- CounterPunch.org - https://www.counterpunch.org -

Ridiculous Rice

US Secretary of State Condoleezza Rice has recently been declared the most important person in the universe, or something like that, and is no doubt pleased to be so honored. But it is doubtful that any country in the Association of South East Asian Nations (ASEAN) would endorse that status because she has insulted all ten of them, which is no mean feat.

She refused to attend their annual meeting that was held in Laos in July.

Many countries prefer Rice’s space to her presence, but when she chose to send Deputy Secretary Zoellick to represent her in Laos she sent a curt imperial signal to the effect that ‘You ASEAN countries aren’t important enough for me to attend your two-bit gathering.’

There has been no public explanation of why Rice refused to go to the meeting (because Empires don’t explain their insolence and arrogance), but the usual anonymous US officials briefed selected reporters that she didn’t go because it would be wrong to sit down alongside people from Burma (Myanmar) which has a lousy human rights record. And they said that anyway she had a busy schedule.

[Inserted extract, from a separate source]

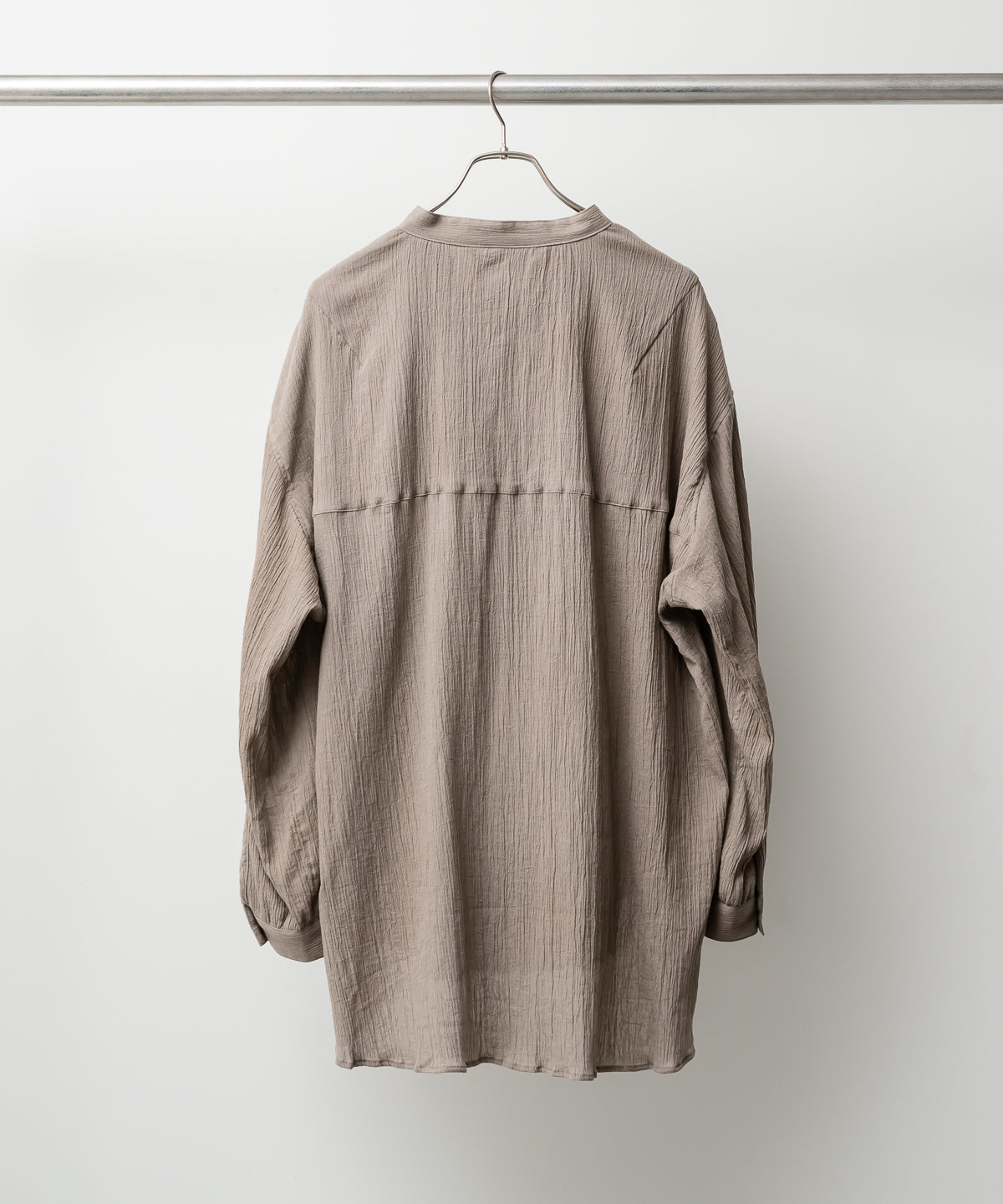 CREPE HALF ZIP SHIRT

For a decade it has been customary for the US Secretary of State to attend the last two days of ASEAN gatherings, which in this case was from July 24 to 29. Deputy Zoellick left Washington July 26 and got back four days later. But before he arrived in Laos the ASEANs had solved the Burma problem through quiet diplomacy and had persuaded the Burmese that they should not chair next year’s meeting, although it would be their turn to do so. It was all arranged without fuss and without vulgar threats. This sort of solution is not understood by Cheney-Bush Washington which prefers confrontation and bullying, especially when dealing with those regarded as inferior.

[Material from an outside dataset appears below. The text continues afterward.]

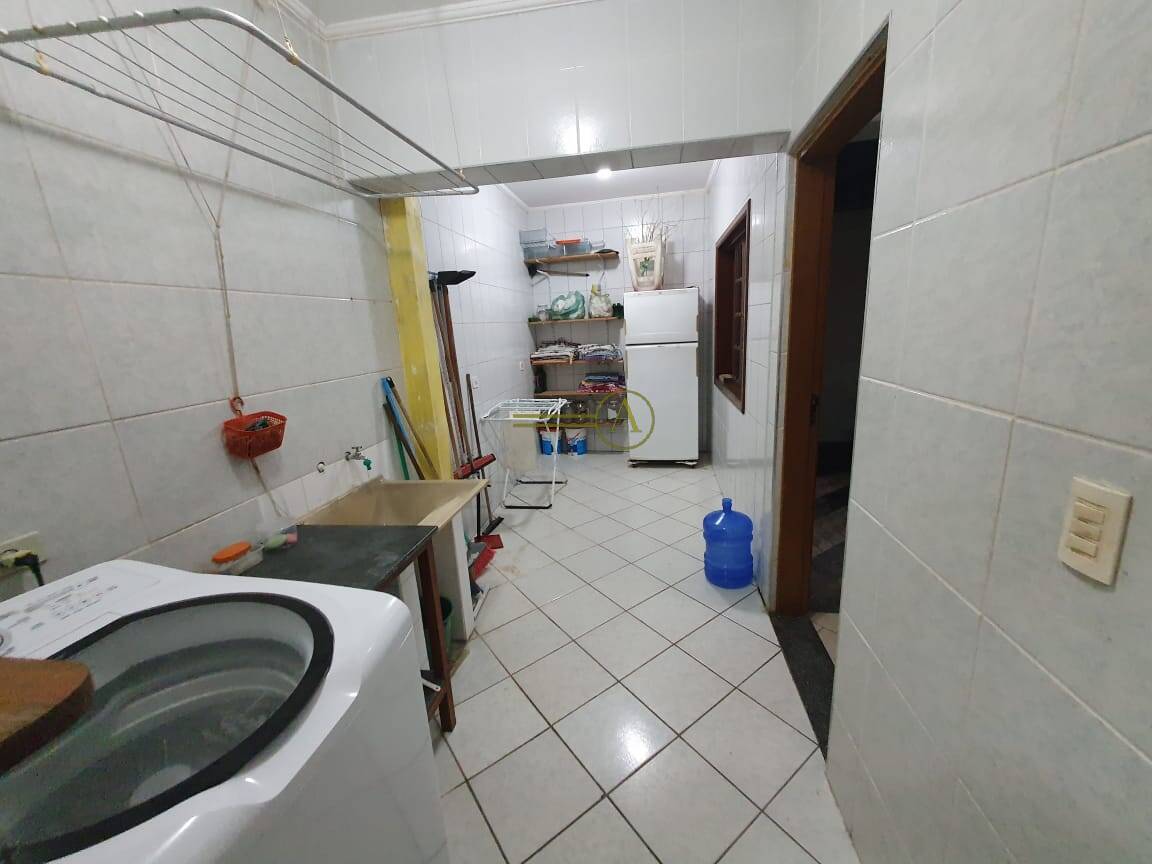 Casa, 5 quartos, 346 m² - Foto 7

Now, sure, Burma’s human rights record is grim. The nutty generals who try to run the country have gone berserk and the place is in ruins. Last year, according to Ms Rice’s State Department, the Burmese government “continued to restrict severely freedom of speech, press, assembly, association, and movement. [It] restricted freedom of religion, coercively promoted Buddhism over other religions, and imposed restrictions on religious minorities . . . Security forces continued to monitor systematically citizens’ movements and continued to restrict freedom of movement, in particular, foreign travel by young female citizens.” Obviously Ms Rice is shocked — shocked — about this.

While Mr Zoellick was away, Rice had a meeting on July 27 with Mr Tang Jiaxuan, State Councilor of the People’s Republic of China.

The State Department Human Rights Report 2005 notes that the government of Mr Tang, among other things, “continued to commit numerous and serious abuses. Citizens did not have the right to change their government, and many who openly expressed dissenting political views were harassed, detained, or imprisoned . . . Abuses included instances of extrajudicial killings; torture and mistreatment of prisoners, leading to numerous deaths in custody; coerced confessions; arbitrary arrest and detention; and incommunicado detention . . . The Government regulated the establishment and management of publications, controlled broadcast and other electronic media . . . [There was] violence against women, including imposition of a coercive birth limitation policy that resulted in instances of forced abortion and forced sterilization . . .” and so on.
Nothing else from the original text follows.